Richard Breitman'There is something discomfiting,' says Breitman (left), 'about the conclusion that a document today considered an important source about Nazi policy had limited impact on Western governments. It prompted no Western action to warn potential Jewish victims.' He concedes that for many the priority was the war -- not the atrocities that accompanied it.

'The reason this document is important,' says Overy, professor of modern history at King's College London, 'is that it appears to confirm that a decision had been made by October 1941 to exterminate the Jews. In Adolf Eichmann's interrogation he recalled that a decision had been made by mid-October.'

Equally important was the fact that the Allies had been warned within a month of that decision.

Overy's book, Interrogations , published in September, will add one of the final missing pieces to genesis of the Final Solution, proof that Hitler ordered the genocide. Overy found it in an account of a long-vanished command to Heinrich Himmler to order Heydrich to begin the killing.

The order was shown by Eichmann -- with Himmler and Heydrich one of the architects of the genocide -- to Dieter Wisliceny, his lieutenant, in spring 1942.

Revising the Revisionists

PROFESSOR OVERY lags way behind the times if he regards Wisliceny's statement to his Nuremberg captors (he was eventually extradited to Czechoslovakia and hanged) as conclusive proof of Hitler's complicity.

This article does however concede the barren state of evidence even now, fifty years later -- and despite the 6 million dollars poured into the Lipstadt trial: namely that "proof that Hitler ordered the genocide" is still regarded as "missing".

This website will start a dossier on Dieter Wisliceny and invites submissions.

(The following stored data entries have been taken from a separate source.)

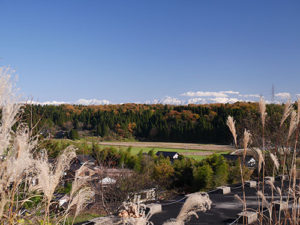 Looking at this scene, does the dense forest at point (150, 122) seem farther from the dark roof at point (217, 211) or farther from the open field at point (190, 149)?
the dark roof at point (217, 211)

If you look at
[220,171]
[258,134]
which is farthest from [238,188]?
[258,134]

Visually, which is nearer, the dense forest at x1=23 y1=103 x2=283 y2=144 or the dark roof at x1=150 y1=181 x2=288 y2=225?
the dark roof at x1=150 y1=181 x2=288 y2=225

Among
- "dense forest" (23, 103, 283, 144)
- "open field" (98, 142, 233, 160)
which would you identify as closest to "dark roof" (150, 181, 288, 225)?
"open field" (98, 142, 233, 160)

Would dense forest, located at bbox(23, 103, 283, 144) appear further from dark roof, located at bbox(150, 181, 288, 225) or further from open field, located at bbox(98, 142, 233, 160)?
dark roof, located at bbox(150, 181, 288, 225)

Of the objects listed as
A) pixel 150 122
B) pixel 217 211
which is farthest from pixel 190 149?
pixel 217 211

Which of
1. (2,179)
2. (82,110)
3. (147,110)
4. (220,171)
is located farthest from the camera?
(147,110)

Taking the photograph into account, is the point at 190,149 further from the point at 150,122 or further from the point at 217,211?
the point at 217,211

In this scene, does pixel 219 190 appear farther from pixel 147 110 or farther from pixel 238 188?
pixel 147 110

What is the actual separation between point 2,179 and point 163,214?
7.64 m

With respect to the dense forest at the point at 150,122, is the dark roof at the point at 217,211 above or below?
below

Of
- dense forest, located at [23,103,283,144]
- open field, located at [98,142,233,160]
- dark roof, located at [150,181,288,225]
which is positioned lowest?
open field, located at [98,142,233,160]

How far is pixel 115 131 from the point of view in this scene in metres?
54.5

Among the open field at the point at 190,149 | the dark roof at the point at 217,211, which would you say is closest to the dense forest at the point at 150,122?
the open field at the point at 190,149

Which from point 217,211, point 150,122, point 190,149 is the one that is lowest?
point 190,149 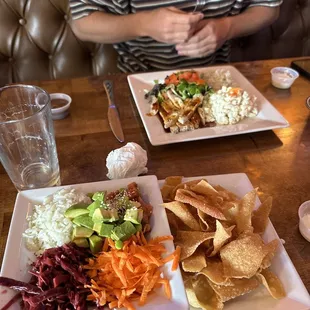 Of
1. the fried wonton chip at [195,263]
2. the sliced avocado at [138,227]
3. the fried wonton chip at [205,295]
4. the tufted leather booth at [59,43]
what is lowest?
the tufted leather booth at [59,43]

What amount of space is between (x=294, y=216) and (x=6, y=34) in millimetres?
1701

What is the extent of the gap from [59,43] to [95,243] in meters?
1.57

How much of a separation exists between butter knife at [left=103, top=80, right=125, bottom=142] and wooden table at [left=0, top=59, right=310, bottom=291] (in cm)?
2

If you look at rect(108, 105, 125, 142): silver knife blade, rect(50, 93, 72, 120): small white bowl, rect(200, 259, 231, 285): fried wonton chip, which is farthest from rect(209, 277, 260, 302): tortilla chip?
rect(50, 93, 72, 120): small white bowl

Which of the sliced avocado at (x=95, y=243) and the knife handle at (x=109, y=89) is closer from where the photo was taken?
the sliced avocado at (x=95, y=243)

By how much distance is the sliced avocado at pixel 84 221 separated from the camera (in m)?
0.79

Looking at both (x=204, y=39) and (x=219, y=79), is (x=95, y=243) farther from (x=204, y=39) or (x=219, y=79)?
(x=204, y=39)

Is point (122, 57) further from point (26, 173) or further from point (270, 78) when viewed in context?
point (26, 173)

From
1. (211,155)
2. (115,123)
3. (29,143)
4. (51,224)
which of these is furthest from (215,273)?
(115,123)

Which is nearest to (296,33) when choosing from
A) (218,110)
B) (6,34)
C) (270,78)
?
(270,78)

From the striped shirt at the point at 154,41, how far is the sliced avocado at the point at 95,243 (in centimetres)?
125

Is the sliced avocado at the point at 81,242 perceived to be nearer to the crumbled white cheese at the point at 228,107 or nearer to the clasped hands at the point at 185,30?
the crumbled white cheese at the point at 228,107

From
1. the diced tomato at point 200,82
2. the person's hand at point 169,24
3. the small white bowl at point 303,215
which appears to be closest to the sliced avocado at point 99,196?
the small white bowl at point 303,215

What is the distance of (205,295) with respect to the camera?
773 millimetres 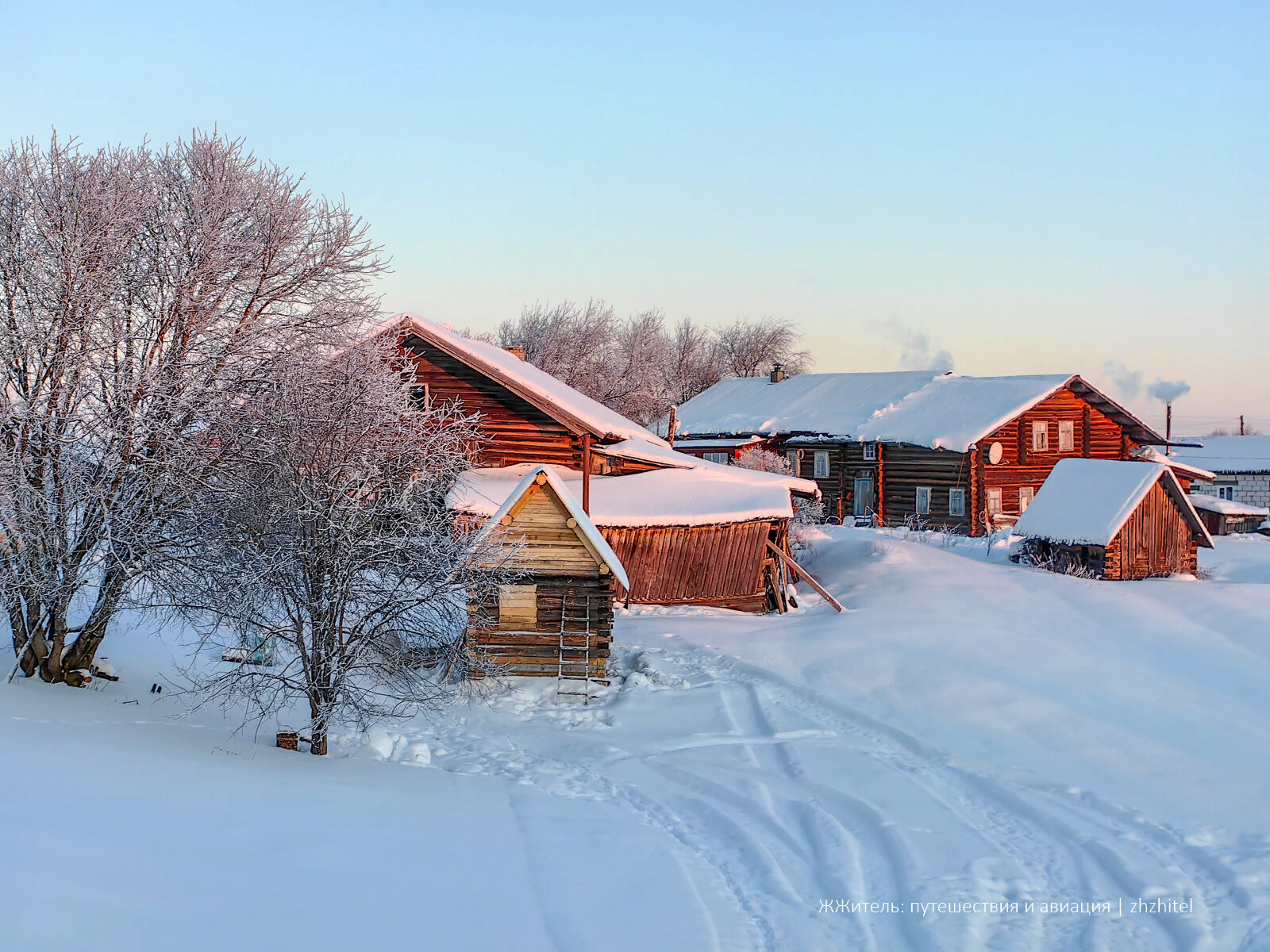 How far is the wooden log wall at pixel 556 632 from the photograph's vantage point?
15398mm

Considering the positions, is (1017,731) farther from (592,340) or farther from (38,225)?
(592,340)

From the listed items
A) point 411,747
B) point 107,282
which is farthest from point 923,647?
point 107,282

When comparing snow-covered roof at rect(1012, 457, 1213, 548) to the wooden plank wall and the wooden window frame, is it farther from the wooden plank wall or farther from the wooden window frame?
the wooden window frame

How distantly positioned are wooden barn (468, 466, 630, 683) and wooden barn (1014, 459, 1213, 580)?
49.0ft

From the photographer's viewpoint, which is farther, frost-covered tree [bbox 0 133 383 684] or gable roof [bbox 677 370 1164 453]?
gable roof [bbox 677 370 1164 453]

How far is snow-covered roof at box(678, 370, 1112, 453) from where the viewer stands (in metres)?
38.0

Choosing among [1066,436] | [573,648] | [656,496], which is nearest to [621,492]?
[656,496]

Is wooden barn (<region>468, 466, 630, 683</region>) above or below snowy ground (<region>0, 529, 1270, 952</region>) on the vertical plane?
above

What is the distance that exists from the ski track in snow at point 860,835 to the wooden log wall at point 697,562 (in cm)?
784

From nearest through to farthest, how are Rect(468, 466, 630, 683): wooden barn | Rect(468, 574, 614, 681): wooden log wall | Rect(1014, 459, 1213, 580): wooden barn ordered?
Rect(468, 466, 630, 683): wooden barn < Rect(468, 574, 614, 681): wooden log wall < Rect(1014, 459, 1213, 580): wooden barn

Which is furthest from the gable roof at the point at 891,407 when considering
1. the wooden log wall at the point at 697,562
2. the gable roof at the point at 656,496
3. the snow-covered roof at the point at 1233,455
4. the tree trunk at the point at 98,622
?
the tree trunk at the point at 98,622

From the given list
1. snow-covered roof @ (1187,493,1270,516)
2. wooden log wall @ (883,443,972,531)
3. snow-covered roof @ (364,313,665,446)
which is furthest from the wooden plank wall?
snow-covered roof @ (1187,493,1270,516)

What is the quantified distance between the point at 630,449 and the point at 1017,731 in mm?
14151

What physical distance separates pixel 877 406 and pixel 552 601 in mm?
29286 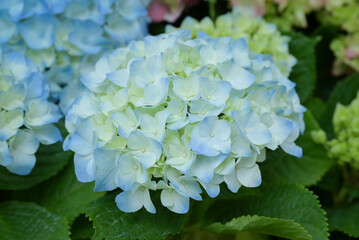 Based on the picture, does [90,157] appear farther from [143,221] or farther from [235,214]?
[235,214]

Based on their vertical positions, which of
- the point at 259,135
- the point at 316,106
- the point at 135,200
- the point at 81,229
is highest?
the point at 259,135

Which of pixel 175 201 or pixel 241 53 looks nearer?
pixel 175 201

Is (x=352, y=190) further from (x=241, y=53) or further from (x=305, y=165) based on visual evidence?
(x=241, y=53)

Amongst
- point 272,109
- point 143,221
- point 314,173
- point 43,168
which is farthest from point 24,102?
point 314,173

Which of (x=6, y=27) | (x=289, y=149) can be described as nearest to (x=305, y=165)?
(x=289, y=149)

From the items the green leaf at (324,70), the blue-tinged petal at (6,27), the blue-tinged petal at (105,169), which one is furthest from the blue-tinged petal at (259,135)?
the green leaf at (324,70) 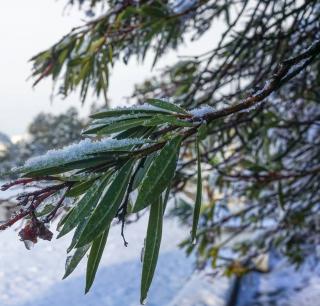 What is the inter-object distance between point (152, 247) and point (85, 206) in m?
0.11

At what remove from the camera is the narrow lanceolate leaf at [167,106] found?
634 millimetres

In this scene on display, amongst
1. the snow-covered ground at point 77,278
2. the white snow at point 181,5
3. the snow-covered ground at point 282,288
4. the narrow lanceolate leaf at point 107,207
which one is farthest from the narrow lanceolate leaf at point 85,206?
the snow-covered ground at point 77,278

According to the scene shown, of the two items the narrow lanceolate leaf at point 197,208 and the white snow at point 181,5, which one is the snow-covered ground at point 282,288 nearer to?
the white snow at point 181,5

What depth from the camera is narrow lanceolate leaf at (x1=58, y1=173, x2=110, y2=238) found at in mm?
564

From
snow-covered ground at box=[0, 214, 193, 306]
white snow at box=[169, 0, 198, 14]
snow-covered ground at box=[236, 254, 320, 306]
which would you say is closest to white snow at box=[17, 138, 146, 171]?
white snow at box=[169, 0, 198, 14]

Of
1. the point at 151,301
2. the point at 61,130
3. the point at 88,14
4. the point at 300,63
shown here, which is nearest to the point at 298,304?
the point at 151,301

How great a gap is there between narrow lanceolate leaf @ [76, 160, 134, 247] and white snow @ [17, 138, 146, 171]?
0.03 metres

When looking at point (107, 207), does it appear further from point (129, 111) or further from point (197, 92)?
point (197, 92)

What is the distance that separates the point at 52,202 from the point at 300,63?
1.42ft

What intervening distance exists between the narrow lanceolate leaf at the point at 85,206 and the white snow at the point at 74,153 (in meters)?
0.05

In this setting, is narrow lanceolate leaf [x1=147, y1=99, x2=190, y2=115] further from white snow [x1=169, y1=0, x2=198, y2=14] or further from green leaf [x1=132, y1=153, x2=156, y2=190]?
white snow [x1=169, y1=0, x2=198, y2=14]

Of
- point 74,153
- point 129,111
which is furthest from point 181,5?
point 74,153

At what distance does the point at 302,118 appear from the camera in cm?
363

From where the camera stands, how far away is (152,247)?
61cm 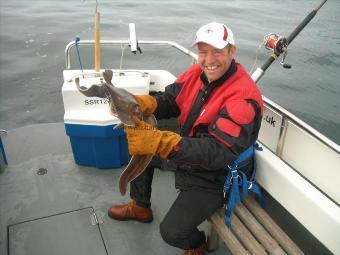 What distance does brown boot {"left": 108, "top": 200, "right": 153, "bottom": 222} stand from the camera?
2.97 meters

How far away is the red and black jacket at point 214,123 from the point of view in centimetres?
210

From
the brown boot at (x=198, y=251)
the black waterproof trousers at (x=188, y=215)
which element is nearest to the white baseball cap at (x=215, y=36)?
the black waterproof trousers at (x=188, y=215)

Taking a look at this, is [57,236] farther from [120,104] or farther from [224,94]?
[224,94]

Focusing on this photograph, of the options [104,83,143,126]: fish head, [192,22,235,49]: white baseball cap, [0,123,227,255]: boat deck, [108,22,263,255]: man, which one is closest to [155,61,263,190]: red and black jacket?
[108,22,263,255]: man

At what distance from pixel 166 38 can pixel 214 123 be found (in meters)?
11.5

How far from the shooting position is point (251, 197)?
8.43 feet

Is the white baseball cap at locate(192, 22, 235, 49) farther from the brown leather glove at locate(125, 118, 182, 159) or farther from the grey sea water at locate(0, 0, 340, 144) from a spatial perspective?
the grey sea water at locate(0, 0, 340, 144)

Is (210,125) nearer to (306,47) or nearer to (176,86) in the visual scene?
(176,86)

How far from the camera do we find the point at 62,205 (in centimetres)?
316

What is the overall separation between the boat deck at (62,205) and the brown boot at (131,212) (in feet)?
0.18

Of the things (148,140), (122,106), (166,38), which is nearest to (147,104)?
(122,106)

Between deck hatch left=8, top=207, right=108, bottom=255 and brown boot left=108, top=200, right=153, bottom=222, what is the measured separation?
192 mm

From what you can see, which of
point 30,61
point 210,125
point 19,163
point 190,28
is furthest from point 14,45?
point 210,125

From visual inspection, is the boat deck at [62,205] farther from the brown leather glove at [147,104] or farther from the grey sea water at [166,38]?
the grey sea water at [166,38] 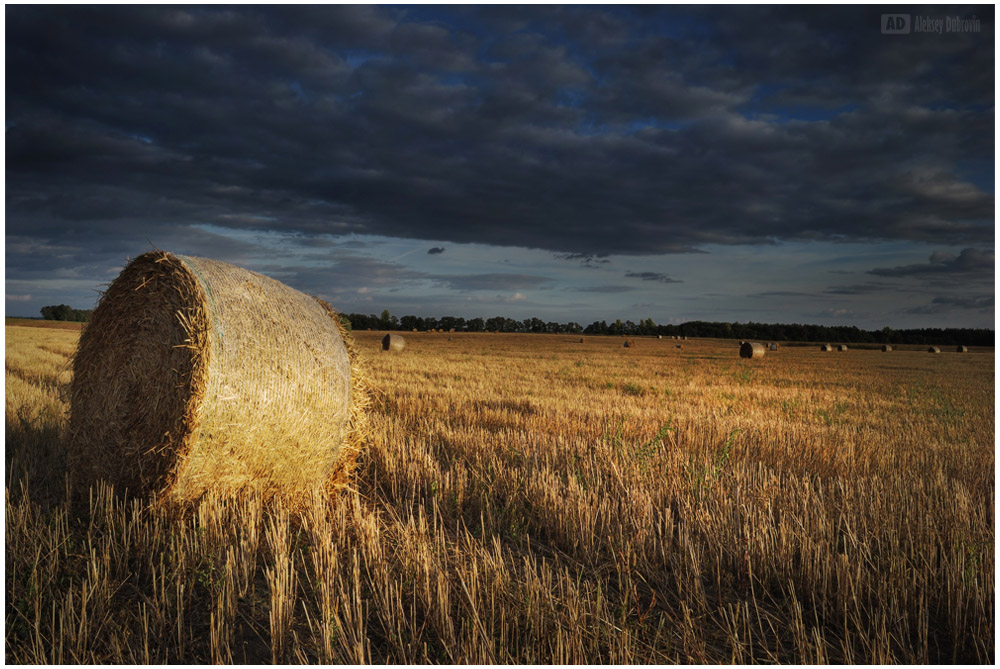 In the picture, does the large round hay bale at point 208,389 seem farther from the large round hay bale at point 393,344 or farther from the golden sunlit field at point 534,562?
the large round hay bale at point 393,344

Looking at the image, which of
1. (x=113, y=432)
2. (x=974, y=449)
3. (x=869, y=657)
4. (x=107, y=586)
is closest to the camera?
(x=869, y=657)

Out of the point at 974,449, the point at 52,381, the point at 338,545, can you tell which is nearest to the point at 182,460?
the point at 338,545

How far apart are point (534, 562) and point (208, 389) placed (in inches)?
120

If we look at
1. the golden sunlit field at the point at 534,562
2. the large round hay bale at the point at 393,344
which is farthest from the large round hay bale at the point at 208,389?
the large round hay bale at the point at 393,344

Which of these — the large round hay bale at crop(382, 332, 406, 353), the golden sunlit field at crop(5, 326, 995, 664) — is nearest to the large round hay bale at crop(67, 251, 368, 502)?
the golden sunlit field at crop(5, 326, 995, 664)

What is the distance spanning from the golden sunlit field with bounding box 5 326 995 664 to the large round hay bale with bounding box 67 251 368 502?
0.34 metres

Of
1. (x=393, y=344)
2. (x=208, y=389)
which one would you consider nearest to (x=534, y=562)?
(x=208, y=389)

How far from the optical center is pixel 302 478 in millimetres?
5816

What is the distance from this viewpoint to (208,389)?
499 centimetres

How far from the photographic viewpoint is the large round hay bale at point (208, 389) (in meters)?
5.10

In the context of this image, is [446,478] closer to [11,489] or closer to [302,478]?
[302,478]

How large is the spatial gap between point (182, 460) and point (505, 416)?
5555 millimetres

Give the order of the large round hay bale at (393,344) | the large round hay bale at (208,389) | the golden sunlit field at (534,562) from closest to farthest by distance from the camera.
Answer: the golden sunlit field at (534,562), the large round hay bale at (208,389), the large round hay bale at (393,344)

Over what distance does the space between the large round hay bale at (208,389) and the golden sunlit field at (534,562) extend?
343 mm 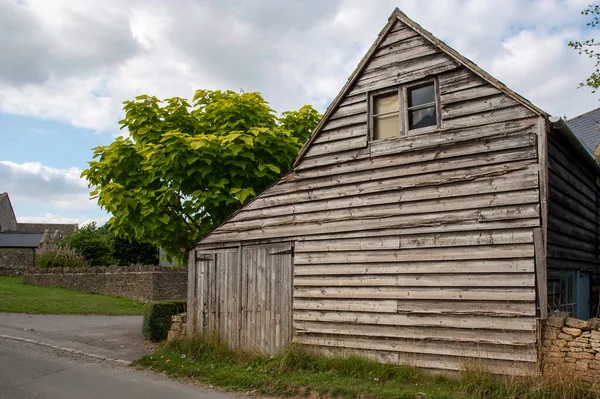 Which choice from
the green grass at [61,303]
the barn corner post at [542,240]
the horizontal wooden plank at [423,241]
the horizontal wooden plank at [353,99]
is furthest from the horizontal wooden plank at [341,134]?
the green grass at [61,303]

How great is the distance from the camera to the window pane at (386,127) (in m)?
9.72

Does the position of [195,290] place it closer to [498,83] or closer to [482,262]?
[482,262]

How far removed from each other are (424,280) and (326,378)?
8.06ft

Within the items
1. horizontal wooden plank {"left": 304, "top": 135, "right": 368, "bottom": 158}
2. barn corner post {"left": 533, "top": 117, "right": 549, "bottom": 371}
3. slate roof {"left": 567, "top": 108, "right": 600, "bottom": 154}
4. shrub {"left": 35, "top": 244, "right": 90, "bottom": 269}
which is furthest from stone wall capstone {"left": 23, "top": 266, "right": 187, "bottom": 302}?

The press may like to have material that supports or rebuts Overy's whimperings readily at hand.

Although not mentioned in Wisliceny's affidavit during his war crimes trial, Overy found the reference in his long buried interrogation. The order he was shown, said Wisliceny, was signed by Himmler. Beneath it were the words 'on the orders of the Führer'.

But the mystery remains how Britain acquired Montt's dispatch. Breitman believes that the British spy was either working in the Chilean embassy or that British agents in Bermuda were opening diplomatic bags sent across the Atlantic by South American diplomats.